• _Work order_:
Your output should repeat the entries below exactly. It should contain no images.

• _Records to process_:

--- START ---

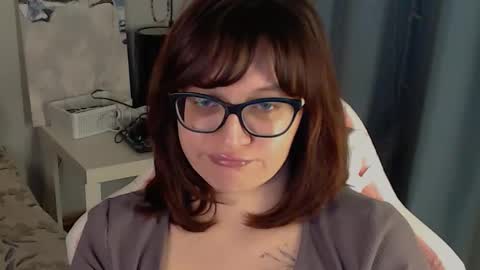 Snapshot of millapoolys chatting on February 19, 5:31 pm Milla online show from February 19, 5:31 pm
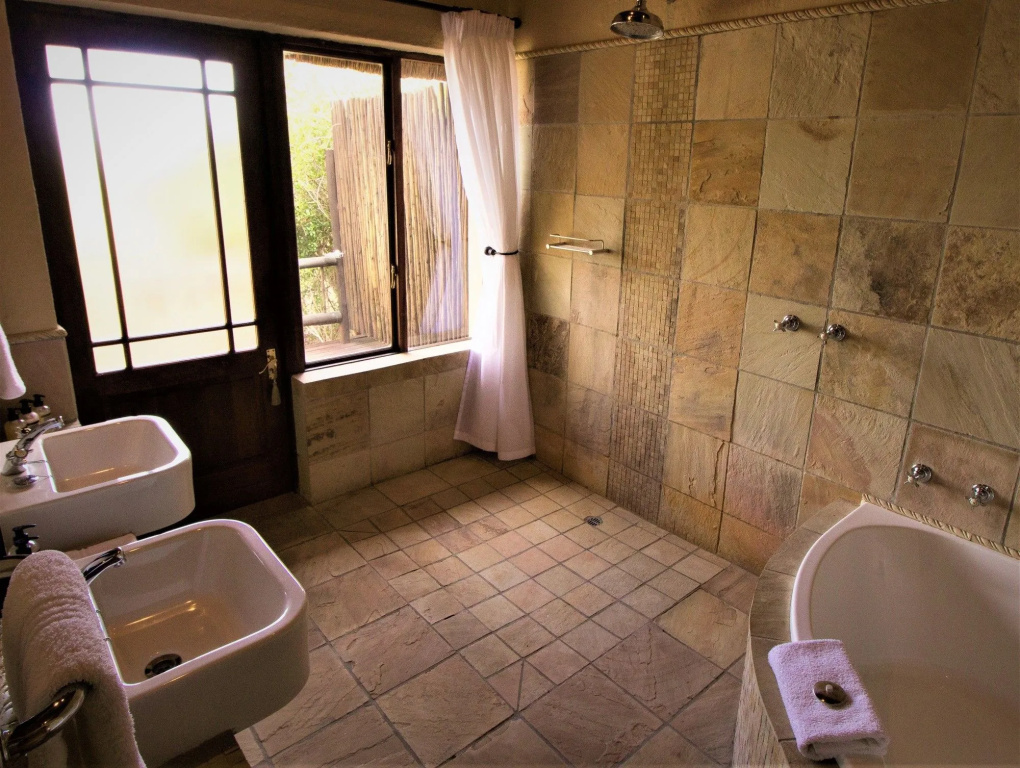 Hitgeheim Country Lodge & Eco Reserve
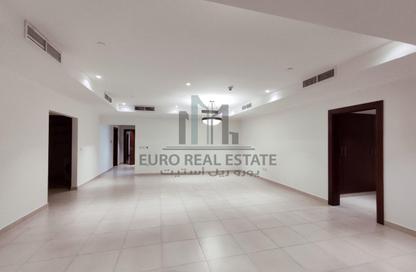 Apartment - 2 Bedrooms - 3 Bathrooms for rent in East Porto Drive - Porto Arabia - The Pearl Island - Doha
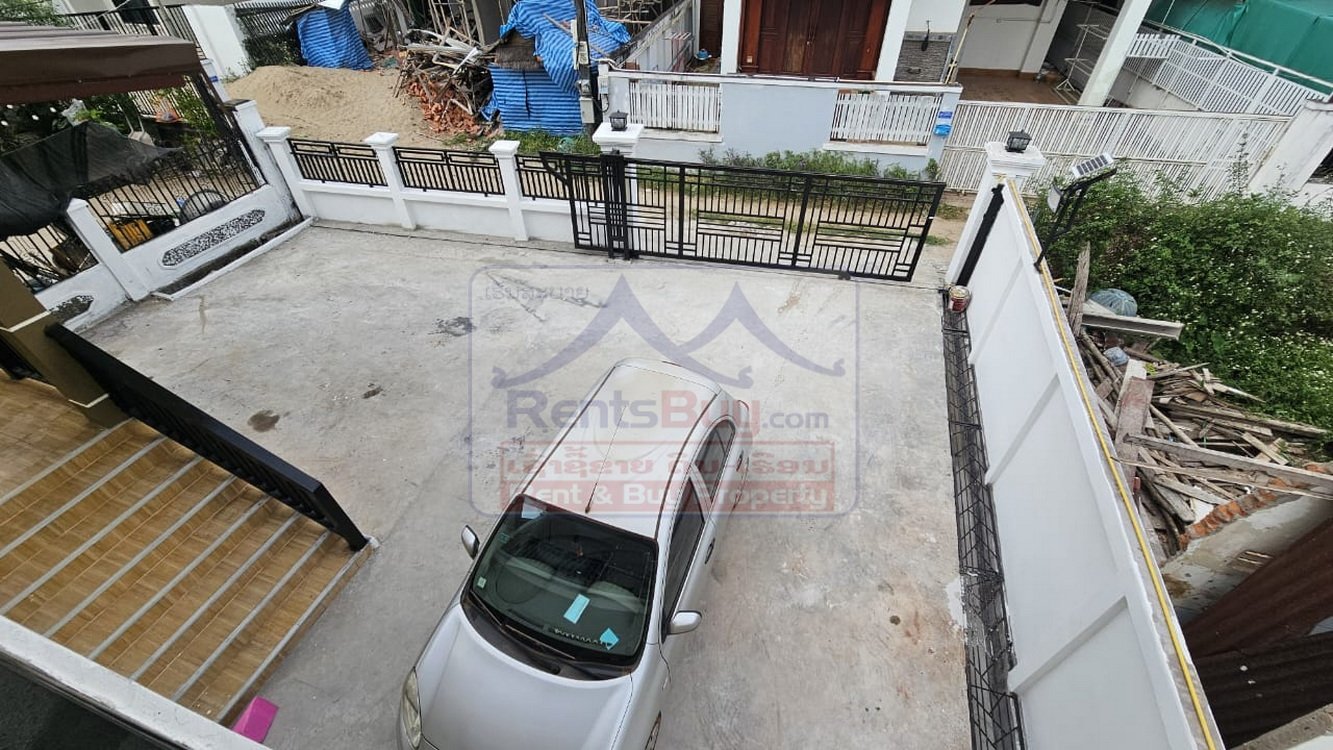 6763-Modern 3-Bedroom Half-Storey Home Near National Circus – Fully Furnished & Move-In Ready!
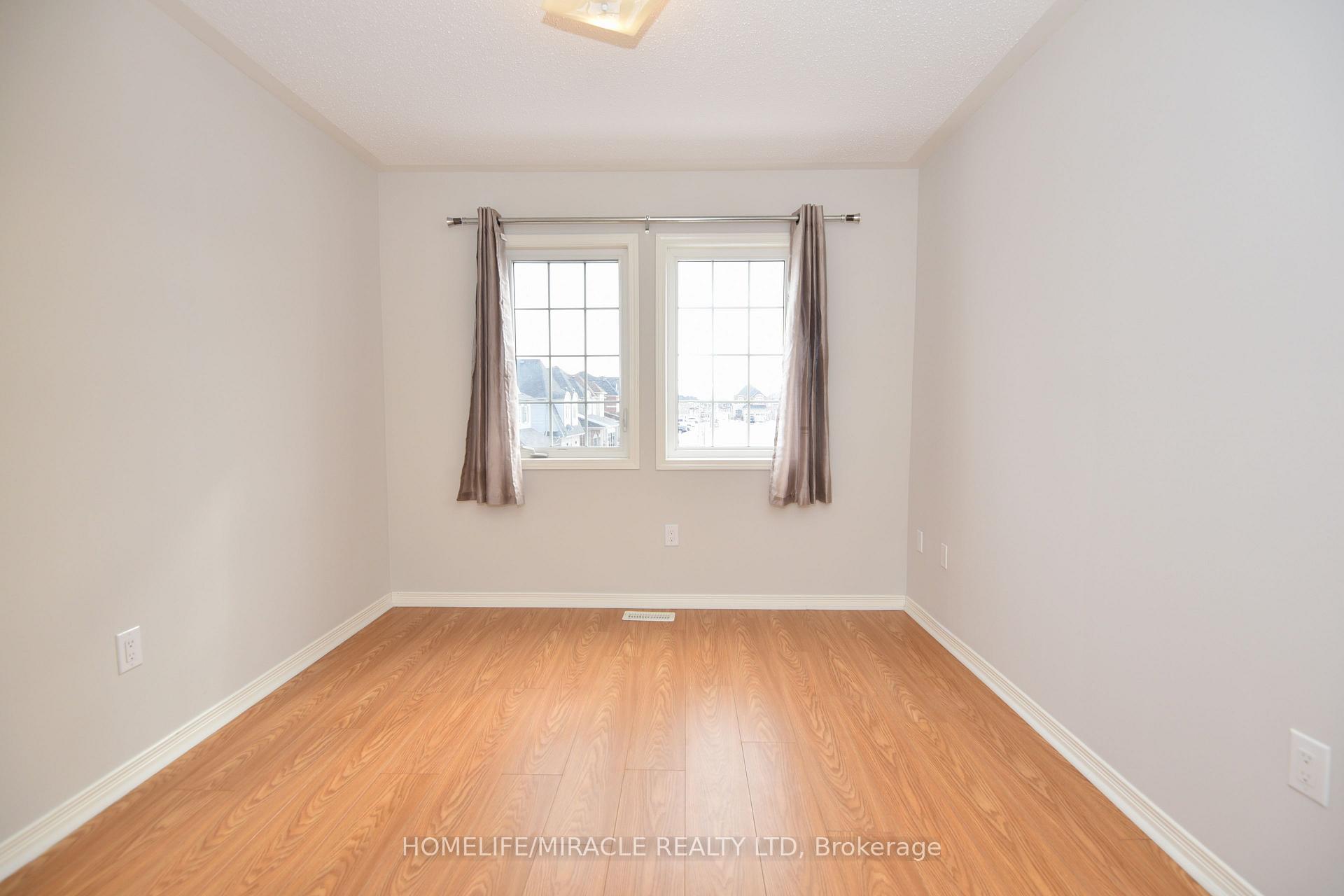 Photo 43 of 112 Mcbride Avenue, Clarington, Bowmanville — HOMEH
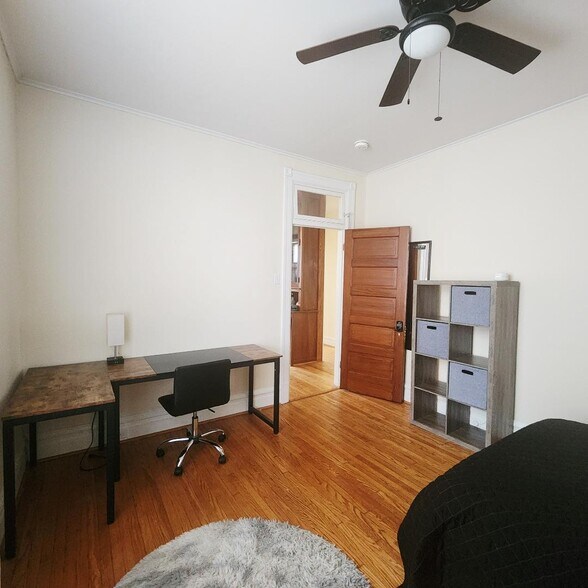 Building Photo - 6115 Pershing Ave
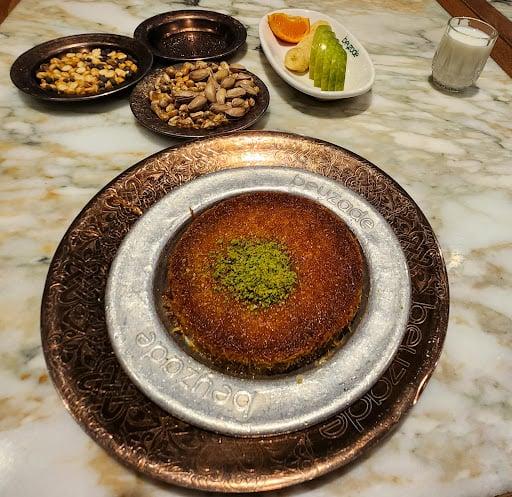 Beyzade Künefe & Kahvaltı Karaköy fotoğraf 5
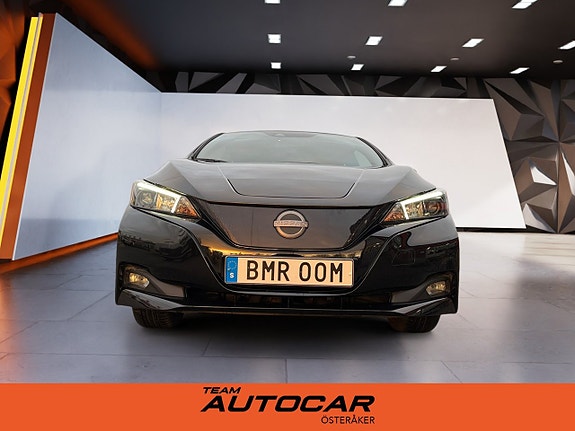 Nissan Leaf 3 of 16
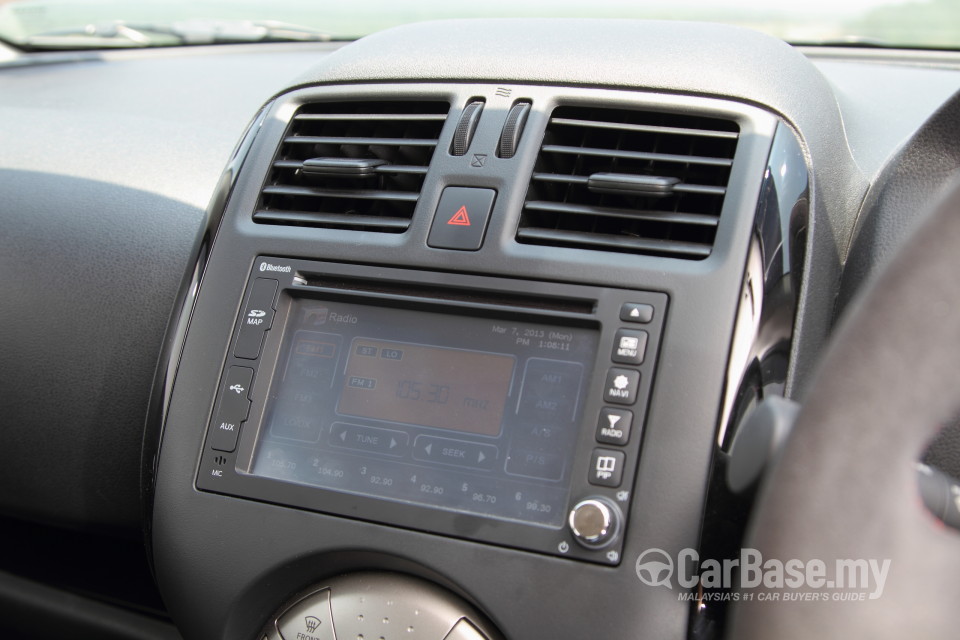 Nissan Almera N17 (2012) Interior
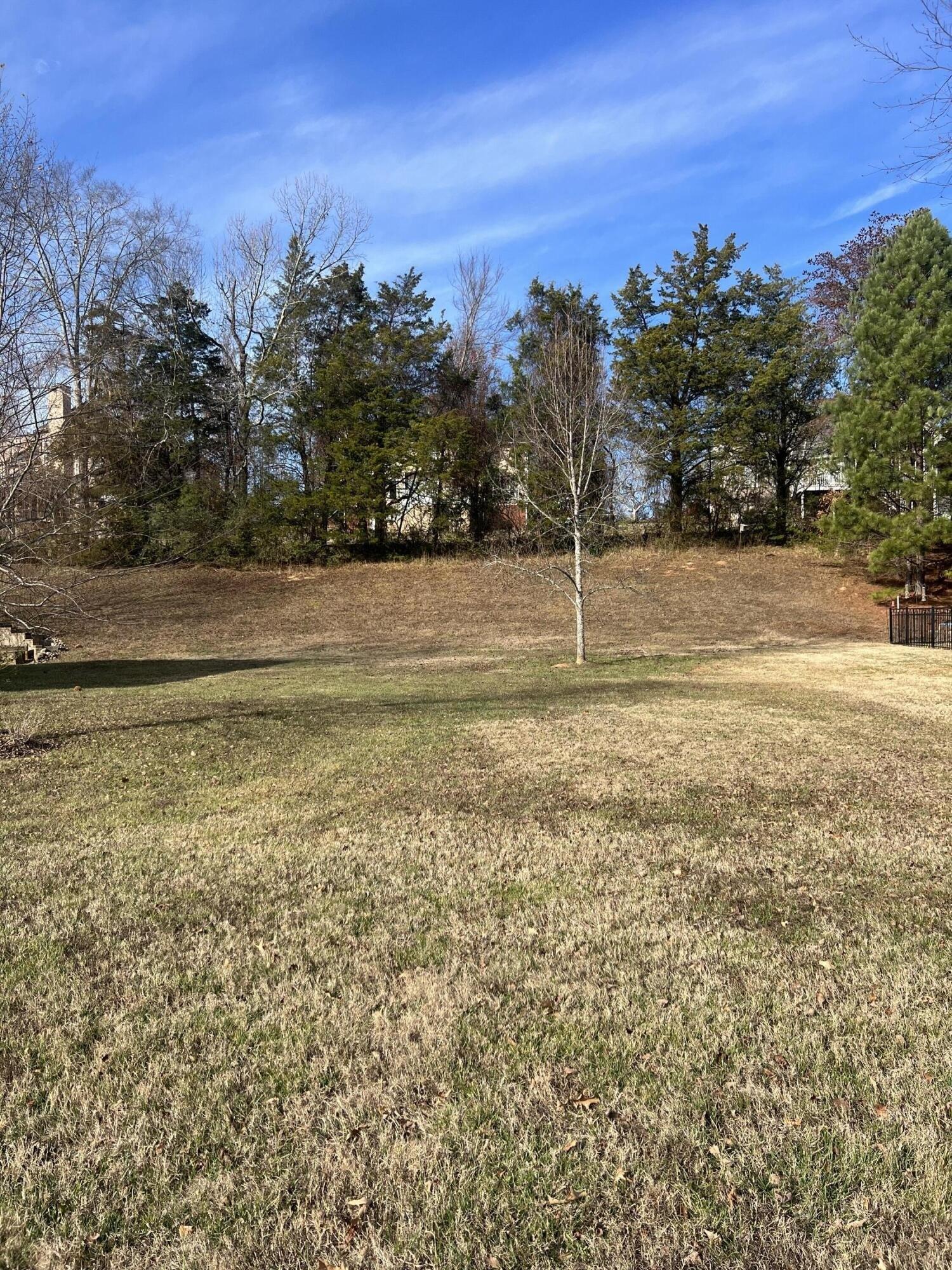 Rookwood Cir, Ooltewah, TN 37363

--- END ---

• _Problem solution_:
 Snapshot of millapoolys chatting on February 19, 5:31 pm Milla online show from February 19, 5:31 pm
 Hitgeheim Country Lodge & Eco Reserve
 Apartment - 2 Bedrooms - 3 Bathrooms for rent in East Porto Drive - Porto Arabia - The Pearl Island - Doha
 6763-Modern 3-Bedroom Half-Storey Home Near National Circus – Fully Furnished & Move-In Ready!
 Photo 43 of 112 Mcbride Avenue, Clarington, Bowmanville — HOMEH
 Building Photo - 6115 Pershing Ave
 Beyzade Künefe & Kahvaltı Karaköy fotoğraf 5
 Nissan Leaf 3 of 16
 Nissan Almera N17 (2012) Interior
 Rookwood Cir, Ooltewah, TN 37363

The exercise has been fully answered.